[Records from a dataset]
▬▬▬▬▬▬

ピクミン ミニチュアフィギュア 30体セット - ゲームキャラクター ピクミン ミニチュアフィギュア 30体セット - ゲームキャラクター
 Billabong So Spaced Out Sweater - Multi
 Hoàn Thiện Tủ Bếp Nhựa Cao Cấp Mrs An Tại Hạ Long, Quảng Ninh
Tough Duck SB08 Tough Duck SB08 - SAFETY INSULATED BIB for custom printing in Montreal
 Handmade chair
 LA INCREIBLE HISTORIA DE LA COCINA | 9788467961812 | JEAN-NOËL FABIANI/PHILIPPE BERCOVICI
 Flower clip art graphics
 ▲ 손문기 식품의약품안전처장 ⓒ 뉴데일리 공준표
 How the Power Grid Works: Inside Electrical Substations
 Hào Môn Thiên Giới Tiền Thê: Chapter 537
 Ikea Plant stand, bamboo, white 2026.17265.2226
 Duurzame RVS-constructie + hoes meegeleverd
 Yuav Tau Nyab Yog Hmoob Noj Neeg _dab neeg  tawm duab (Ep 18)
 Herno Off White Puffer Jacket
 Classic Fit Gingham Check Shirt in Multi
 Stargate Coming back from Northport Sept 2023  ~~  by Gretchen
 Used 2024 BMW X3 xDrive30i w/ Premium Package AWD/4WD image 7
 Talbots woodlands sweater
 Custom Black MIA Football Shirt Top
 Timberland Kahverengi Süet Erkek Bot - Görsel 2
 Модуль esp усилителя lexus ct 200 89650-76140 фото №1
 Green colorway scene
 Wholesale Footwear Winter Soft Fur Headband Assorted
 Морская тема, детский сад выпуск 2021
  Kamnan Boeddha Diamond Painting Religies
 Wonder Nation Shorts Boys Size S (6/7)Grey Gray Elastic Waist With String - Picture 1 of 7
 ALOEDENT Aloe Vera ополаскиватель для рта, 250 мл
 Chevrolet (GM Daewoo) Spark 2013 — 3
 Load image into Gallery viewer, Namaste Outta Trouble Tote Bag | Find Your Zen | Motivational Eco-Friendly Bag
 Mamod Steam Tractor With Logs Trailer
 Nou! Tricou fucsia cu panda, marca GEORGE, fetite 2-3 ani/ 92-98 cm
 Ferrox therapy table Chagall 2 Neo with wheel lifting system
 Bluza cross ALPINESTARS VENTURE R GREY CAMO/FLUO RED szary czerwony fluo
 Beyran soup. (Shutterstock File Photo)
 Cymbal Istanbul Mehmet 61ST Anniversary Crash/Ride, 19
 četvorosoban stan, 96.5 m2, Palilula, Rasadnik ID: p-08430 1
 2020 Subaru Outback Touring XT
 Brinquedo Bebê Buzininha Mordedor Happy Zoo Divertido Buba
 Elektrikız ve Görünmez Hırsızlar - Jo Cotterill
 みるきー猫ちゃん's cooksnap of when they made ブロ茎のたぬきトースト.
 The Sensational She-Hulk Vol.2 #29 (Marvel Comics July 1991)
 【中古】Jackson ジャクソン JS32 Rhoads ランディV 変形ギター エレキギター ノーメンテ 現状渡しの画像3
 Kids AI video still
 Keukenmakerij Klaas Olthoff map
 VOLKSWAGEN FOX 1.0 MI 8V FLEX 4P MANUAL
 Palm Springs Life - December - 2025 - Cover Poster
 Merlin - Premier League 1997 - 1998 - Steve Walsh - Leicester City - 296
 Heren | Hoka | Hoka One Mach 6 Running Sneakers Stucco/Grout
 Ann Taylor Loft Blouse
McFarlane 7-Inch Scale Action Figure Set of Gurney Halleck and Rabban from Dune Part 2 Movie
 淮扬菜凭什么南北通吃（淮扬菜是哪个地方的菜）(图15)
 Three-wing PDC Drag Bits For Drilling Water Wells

▬▬▬▬▬▬

■ **Action item**
Return solely the count of lines in the data above in which the word "image" occurs.

■ **Response to this task**
2